Mulch is a layer of material applied to the surface of soil to protect and enrich it. It is used in a variety of horticultural settings, from small home gardens to large commercial nurseries. Mulch can be made from a wide range of natural or synthetic materials, each with its own unique properties and benefits.
Organic mulches, such as wood chips, leaves, straw, or bark, are made from plant materials that will eventually decompose and enrich the soil as they break down. These mulches can be made from a variety of sources, including trees, shrubs, and grasses. To make organic mulch, the raw materials are first collected and processed. This can involve chipping, shredding, or grinding the materials to create a more uniform product. The processed materials are then screened to remove any contaminants or debris, and they are often dyed or treated with a variety of chemicals to enhance their color or durability.
The capital equipment costs to manufacture mulch can be intensive. Equipment needed to chip, shred, and grind mulch can range from $1,000 to $100,000+ depending on the scale mulch needed to be made, the target market that will be served, and the growth targets of the manufacturer. In addition, equipment is needed to move raw materials and the finished product such as trucks and conveyor belts.
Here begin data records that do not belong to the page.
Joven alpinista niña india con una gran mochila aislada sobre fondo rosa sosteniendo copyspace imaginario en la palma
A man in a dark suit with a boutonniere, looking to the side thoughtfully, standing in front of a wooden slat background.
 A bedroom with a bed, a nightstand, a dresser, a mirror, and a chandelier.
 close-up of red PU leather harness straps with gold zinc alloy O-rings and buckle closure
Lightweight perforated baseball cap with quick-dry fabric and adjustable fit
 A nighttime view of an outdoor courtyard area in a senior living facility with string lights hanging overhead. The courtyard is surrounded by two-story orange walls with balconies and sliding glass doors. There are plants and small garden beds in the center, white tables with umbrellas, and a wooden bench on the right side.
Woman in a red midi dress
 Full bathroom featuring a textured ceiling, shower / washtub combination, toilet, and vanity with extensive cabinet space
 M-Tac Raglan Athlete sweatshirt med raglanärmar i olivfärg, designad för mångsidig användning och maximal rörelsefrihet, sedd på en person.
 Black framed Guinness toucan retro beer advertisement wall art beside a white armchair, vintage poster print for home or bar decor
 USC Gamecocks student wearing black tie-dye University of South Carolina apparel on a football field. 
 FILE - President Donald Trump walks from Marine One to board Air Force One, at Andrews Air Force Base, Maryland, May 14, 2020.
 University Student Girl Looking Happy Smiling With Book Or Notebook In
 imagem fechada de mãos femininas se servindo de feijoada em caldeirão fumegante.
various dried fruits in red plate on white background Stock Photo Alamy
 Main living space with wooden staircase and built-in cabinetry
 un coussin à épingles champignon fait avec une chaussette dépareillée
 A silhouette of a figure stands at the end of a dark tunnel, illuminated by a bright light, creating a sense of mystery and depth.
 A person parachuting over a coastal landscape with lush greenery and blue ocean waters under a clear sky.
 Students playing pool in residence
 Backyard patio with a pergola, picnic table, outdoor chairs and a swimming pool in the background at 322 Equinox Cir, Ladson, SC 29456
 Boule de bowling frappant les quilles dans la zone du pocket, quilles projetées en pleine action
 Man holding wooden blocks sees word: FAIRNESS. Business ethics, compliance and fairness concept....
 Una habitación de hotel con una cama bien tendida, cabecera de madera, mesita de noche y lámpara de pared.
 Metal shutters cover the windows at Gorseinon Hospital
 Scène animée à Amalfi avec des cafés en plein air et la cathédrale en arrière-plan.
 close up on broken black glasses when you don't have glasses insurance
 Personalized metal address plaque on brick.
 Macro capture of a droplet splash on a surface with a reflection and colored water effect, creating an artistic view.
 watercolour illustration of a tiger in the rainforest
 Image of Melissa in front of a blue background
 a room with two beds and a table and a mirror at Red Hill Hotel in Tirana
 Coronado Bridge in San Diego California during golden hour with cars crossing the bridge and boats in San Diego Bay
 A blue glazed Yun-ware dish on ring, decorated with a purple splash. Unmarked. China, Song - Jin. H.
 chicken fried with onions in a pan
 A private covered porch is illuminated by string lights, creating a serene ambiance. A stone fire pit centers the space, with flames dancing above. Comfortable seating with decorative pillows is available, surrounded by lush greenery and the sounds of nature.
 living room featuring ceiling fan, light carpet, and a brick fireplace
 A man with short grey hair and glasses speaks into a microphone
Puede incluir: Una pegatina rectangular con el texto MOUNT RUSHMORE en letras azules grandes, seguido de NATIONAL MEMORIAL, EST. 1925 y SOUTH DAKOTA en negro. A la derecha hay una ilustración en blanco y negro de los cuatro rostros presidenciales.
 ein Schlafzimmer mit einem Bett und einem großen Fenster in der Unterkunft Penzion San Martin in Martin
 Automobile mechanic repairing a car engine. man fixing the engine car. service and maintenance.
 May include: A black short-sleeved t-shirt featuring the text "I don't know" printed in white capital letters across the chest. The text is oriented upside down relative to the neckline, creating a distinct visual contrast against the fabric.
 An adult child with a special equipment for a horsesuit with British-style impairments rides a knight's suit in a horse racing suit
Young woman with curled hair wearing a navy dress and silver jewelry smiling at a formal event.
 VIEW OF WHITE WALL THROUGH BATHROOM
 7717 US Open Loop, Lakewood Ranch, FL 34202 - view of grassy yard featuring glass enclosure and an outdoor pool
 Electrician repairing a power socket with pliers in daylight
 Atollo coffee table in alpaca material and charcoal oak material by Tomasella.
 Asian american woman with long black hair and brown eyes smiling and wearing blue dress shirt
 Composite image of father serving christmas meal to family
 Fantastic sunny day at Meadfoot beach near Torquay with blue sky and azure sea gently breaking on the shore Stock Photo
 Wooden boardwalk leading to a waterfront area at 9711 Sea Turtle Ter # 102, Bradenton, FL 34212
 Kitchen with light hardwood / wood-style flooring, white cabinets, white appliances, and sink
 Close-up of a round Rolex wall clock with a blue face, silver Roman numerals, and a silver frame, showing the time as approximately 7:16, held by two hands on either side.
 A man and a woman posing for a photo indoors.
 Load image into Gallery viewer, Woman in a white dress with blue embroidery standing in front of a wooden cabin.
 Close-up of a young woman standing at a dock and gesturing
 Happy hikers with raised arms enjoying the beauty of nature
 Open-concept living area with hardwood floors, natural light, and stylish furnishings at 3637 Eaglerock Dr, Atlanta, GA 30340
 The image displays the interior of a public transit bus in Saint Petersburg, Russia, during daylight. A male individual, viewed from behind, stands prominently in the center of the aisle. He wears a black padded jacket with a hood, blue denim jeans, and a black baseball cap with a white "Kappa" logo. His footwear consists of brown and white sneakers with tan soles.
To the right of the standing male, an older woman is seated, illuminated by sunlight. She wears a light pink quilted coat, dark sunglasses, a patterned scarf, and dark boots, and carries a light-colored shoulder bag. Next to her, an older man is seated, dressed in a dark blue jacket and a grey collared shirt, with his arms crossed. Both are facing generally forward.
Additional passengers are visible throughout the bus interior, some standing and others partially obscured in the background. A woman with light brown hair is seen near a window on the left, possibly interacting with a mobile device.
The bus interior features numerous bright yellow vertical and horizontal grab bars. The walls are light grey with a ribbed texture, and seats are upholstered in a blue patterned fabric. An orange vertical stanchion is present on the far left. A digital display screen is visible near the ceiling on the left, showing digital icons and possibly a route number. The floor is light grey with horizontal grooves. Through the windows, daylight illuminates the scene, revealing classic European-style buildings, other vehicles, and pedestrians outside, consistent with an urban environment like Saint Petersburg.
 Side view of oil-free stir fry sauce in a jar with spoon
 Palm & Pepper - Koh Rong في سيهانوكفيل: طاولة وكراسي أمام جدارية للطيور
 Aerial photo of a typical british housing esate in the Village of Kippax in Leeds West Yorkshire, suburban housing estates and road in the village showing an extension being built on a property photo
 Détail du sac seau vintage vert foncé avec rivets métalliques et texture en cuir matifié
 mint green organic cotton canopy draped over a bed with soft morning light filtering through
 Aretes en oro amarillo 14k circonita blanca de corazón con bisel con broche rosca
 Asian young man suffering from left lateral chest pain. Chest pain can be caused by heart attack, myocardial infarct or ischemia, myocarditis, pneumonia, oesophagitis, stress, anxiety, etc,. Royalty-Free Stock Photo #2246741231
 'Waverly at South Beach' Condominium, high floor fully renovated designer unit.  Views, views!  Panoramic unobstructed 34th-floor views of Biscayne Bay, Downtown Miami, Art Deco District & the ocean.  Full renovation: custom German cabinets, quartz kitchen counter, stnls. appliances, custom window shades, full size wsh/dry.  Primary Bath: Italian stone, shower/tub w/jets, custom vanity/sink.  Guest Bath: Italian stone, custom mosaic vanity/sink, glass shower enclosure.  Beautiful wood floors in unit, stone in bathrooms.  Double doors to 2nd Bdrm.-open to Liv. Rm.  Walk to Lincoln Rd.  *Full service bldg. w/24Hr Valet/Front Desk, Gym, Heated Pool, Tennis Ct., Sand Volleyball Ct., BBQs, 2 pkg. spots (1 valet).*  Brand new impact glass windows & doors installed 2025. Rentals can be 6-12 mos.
Inorganic mulches, such as plastic or rubber, are made from synthetic materials that do not decompose. These mulches are typically made from recycled materials, and they are often chosen for their ability to suppress weeds, conserve moisture, and reduce the need for irrigation.
To make inorganic mulch, the raw materials are first collected and cleaned to remove any contaminants or debris. The materials are then melted down and extruded into thin sheets or rolls, which are then cut into the desired size and shape. Inorganic mulches are often treated with UV inhibitors to help them resist fading and deterioration over time.
Whether made from organic or synthetic materials, mulch plays a vital role in helping plants and gardens to thrive.